One place for every power unit
Power is the rate of energy transfer — joules per second, expressed in whatever unit the industry historically settled on. Engineers use watts and kilowatts, car makers quote horsepower (in two conflicting definitions), heating and cooling engineers use BTU per hour, and European technical documents still use kcal/h or PS. This reference converts between all of them from a single input so you never have to memorise the cross-unit factors.
How it works
Each unit has an exact factor to the SI base unit, the watt.

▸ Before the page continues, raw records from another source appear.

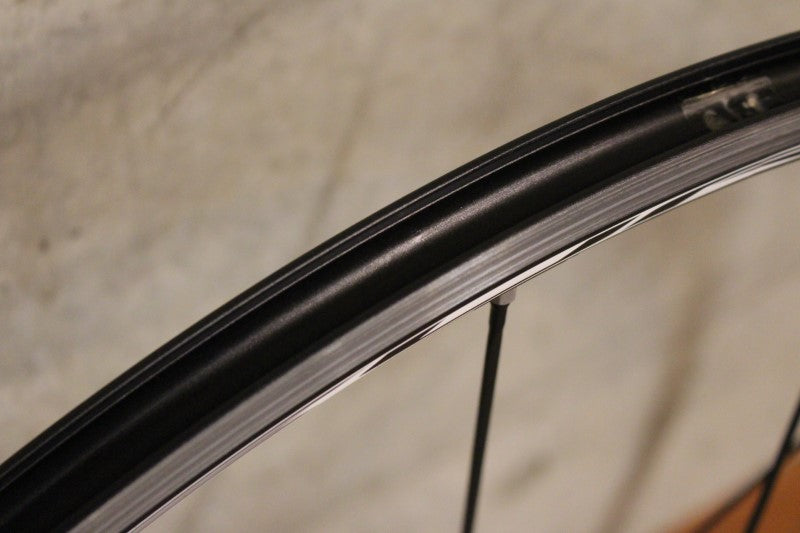 カンパニョーロ Campagnolo ユーラス EURUS アルミ クリンチャー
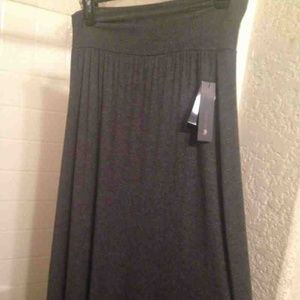 Brand new AB studios skirt with tags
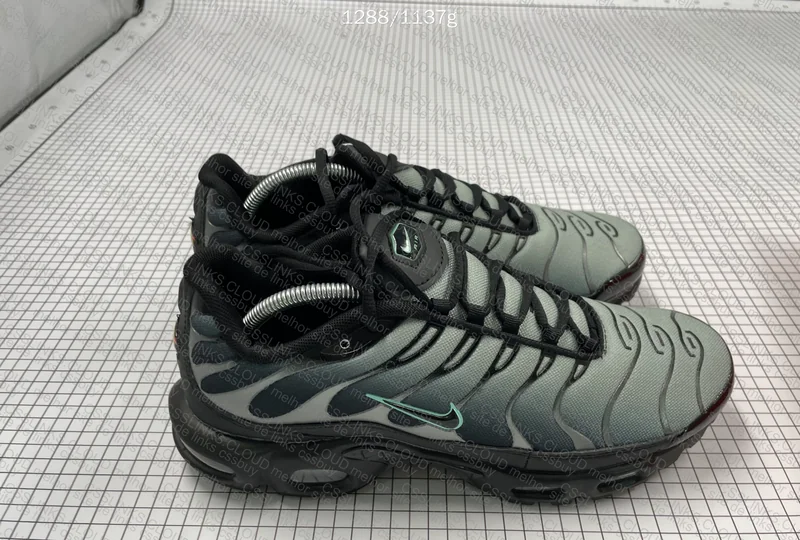 Air Max Plus TN 4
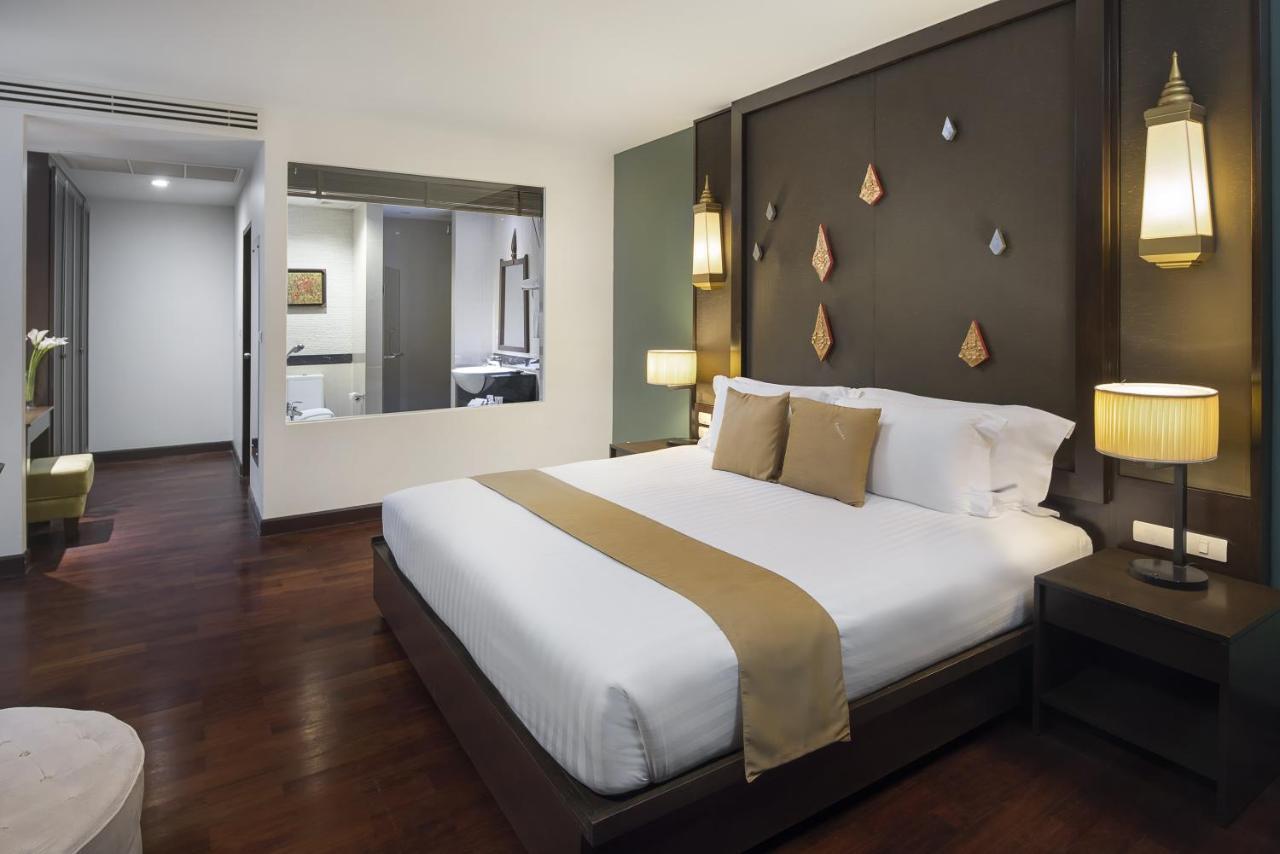 Resort Centara Anda Dhevi & Krabi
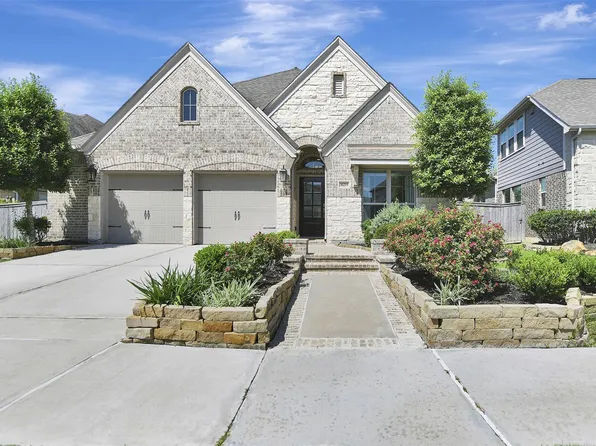 16215 Alligator Gar Ct, Cypress, TX 77433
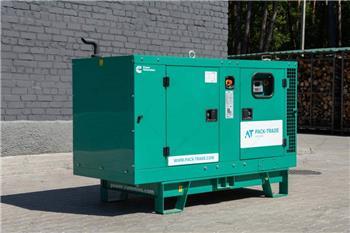 Cummins C22D5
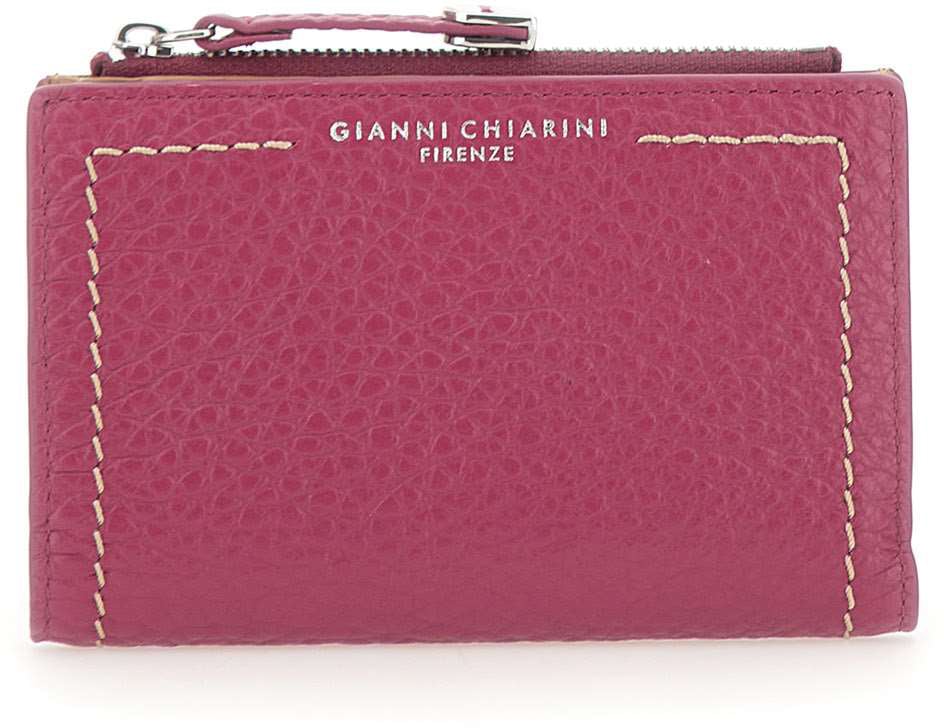 Gianni Chiarini Wallets Pink Roze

Your value is converted to watts first, then divided out to each target:
1 kW = 1,000 W
1 MW = 1,000,000 W
1 hp = 745.6999 W (mechanical / imperial)
1 PS = 735.49875 W (metric horsepower, PS or CV)
1 BTU/h = 0.293071 W
1 kcal/h = 1.163111 W
1 ft·lb/s = 1.355818 W
Because everything routes through one watt base, no rounding error accumulates the way it does when you chain unit-to-unit multiplications.
The two horsepower definitions — why it matters
The single most common source of confusion in this domain is the word “horsepower”. There are two definitions in everyday use, and they are not interchangeable:
- Mechanical horsepower (hp) — 745.6999 W. Used in the United States and the United Kingdom for engine ratings, compressor output, and electric motor nameplates. Originates from James Watt’s own measurement of draught-horse work.
- Metric horsepower (PS or CV) — 735.49875 W. Used in continental Europe, Japan, and South Korea for vehicle power ratings (the “PS” on a German car spec sheet). PS stands for Pferdestärke, CV for cheval-vapeur.
The difference is about 1.4%. A 150 PS engine produces 150 × 735.5 = 110,325 W, while “150 hp” (mechanical) produces 150 × 745.7 = 111,855 W — a meaningful gap in a performance comparison.
A quick mental conversion: 1 kW ≈ 1.341 hp (mechanical) or 1.360 PS (metric). Going the other way, 100 hp ≈ 74.6 kW and 100 PS ≈ 73.5 kW.
HVAC context — BTU/h and tons of cooling
The BTU per hour appears wherever heating and air-conditioning equipment is sold in the US. The key reference point most people know is the ton of refrigeration: 12,000 BTU/h, which equals approximately 3,517 W or 3.52 kW. Window air conditioners are often rated in BTU/h (a “12,000 BTU unit” is one ton of cooling), while commercial chillers are rated in tons.
For quick estimation: divide BTU/h by 3,412 to get kilowatts, or divide by 3.412 to get watts. For example, an 18,000 BTU/h mini-split is roughly 5.3 kW.
Worked examples
- Car engine comparison: A car rated at 200 PS is producing 200 × 735.499 = 147,100 W = 147.1 kW. In mechanical horsepower, that is 147,100 / 745.7 ≈ 197 hp — slightly less than the PS figure.
- Electric motor: A 3 kW electric motor delivers 3,000 / 745.7 ≈ 4.02 hp. Multiply by 1.341 for a quicker estimate: 3 × 1.341 ≈ 4.02 hp.
- Boiler rating: A 50,000 BTU/h boiler outputs 50,000 × 0.293071 ≈ 14,654 W ≈ 14.7 kW.
Practical tips
- Electrical heaters labelled in kW deliver that power directly as heat — 1 kW in = 1 kW of heat out. They are 100% efficient by definition.
- Heat pumps, by contrast, deliver 2–5 kW of heat per kW of electricity consumed (the coefficient of performance), so their rated BTU/h output is not equal to their electrical input in watts.
- In engineering datasheets, always note whether the power is continuous-duty or peak — the same unit applies to both, but they describe very different operating scenarios.